I didn’t comment on the Terry Schiavo case since I didn’t know enough facts about it. The national news media didn’t do the sort of investigative journalism and reporting that the public needed to make an informed decision. They never adequately explained what overriding legal precedent was so important that it required the starvation of a human being.

Instead we were exposed to a circus of accusations, charges, countercharges, innuendo, clouded explanations, and a cornucopia of punditiotry. We were left with the impression of a heartless man who was able to kill an inconvenient person with the aid and collusion of a court system so lacking in compassion that it couldn’t find a solution that would have preserved her life in the care of those willing to provide it. But since we were presented with everything except facts, or answers to questions that were raised, we’ll never really know.

If we weren’t left with the uncomfortable feeling that it could have been us in that position, whether or not we agree or disagree with the right to die, we should have been.

And if we weren’t left with the disturbing impression that the courts ignore laws passed by Congress directing them to review cases (as provided for in Article III in the Constitution) while extending their jurisdiction rapaciously (in violation of Article III) and pronouncing new rights we have, and rights we no longer have, while basing their decisions on anything but our Constitution and Bill of Rights, we should have been.

The one fact that we are all aware of is that Terry’s feeding tube was disconnected by court order. The outcome was that she was starved and dehydrated to death.

Whether or not hers was a painful or euphoric death will never be known, but even that was debated by “experts” from the Right and the Left. Sympathizers with the decision to “allow” her to die claimed studies indicated it would be painless, or even euphoric, while opponents pointed empirically to millions of examples of starving people in Africa who didn’t appear to be euphoric in their last moments.

But less than a month after the courts killed Terry by refusing to review her case, they have agreed to hear yet another case brought about to end the use of the death penalty in criminal cases.

The claim is that--get this--the use of lethal injection doesn’t bring about a humane, painless death, but a painful death.

The argument is that lethal injection involves the administration of a painkiller followed by a drug that paralyzes the nervous system and stops the breathing and circulation process. The plaintiffs claim that the painkiller isn’t always effective, and that the murderer killed in this manner may feel excrutiating pain as the second drug sears the veins, and that even after he or she stops breathing, remains conscious for several minutes while suffocating.

What a horrifying thought--the idea that people who shoot, slash, bludgeon, maim, rape, sodomize, hack, gouge, strangle, burn, pummel, skewer, kick, run over, smother, poison, bash, blow up, crush, disembowel, and/or eat their victims might feel pain in their last moments of life!

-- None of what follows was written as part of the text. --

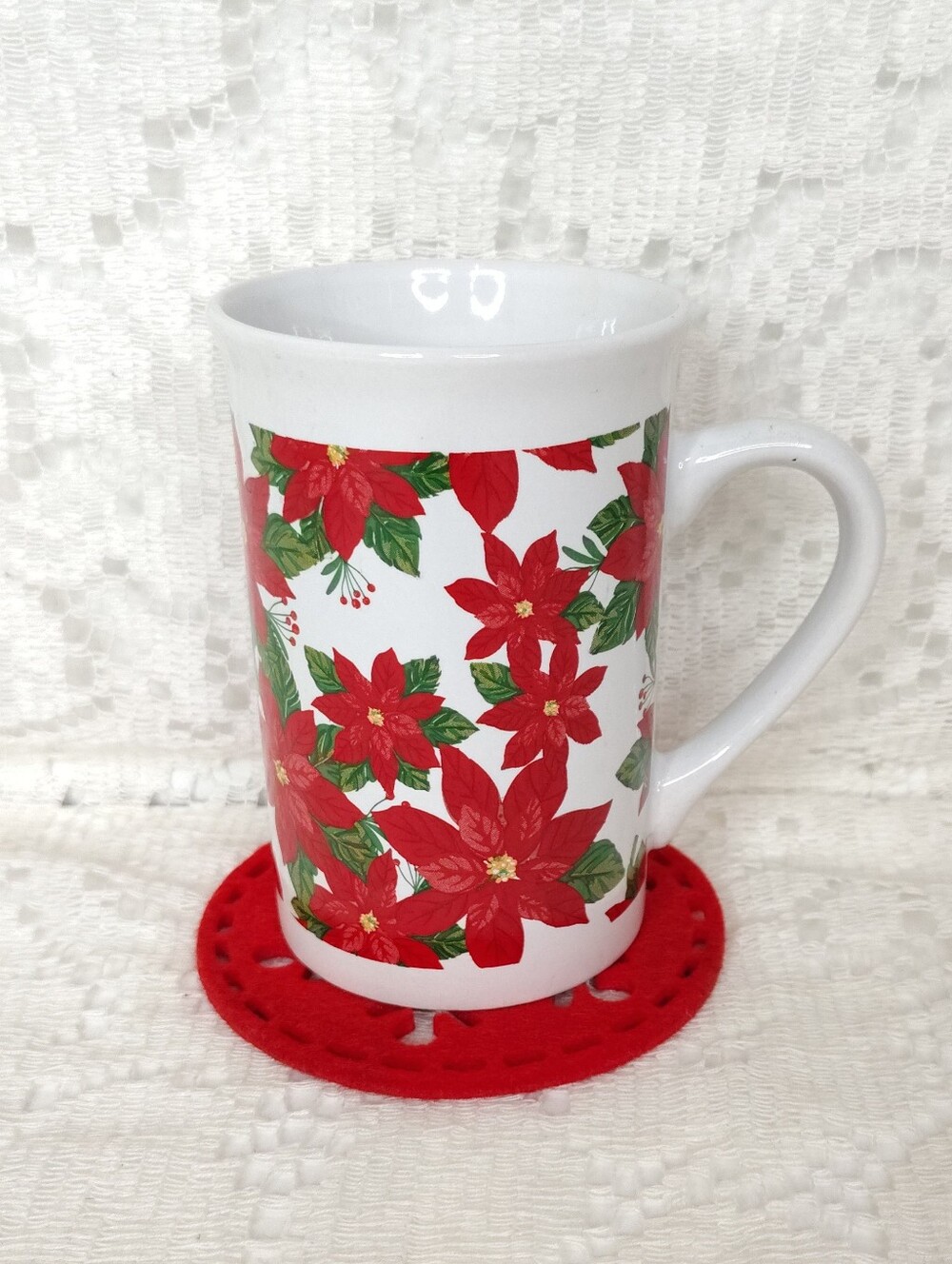 Royal Norfolk Christmas Mug and Felt Coaster Coffee Cup Poinsettias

It’s absolutely outrageous that the courts can ignore the consequences of starving innocent citizens, but yet again hear claims of “cruel and unusual punishment” for convicted felons who didn’t consider for a moment the feelings of their victims when they snuffed out their lives.

It’s been suggested lately by some opponents of individual gun ownership that Second Amendment rights should extend only to firearms no more modern than those available at the time the Constitution and the Bill of Rights were adopted. Theirs is a flawed argument, but I would like to suggest, by logical extension, that since hanging was the accepted mode of capital punishment at that time, we need to bring it back as the preferred method of execution.

And if that’s unacceptable, well. . . there’s always starvation.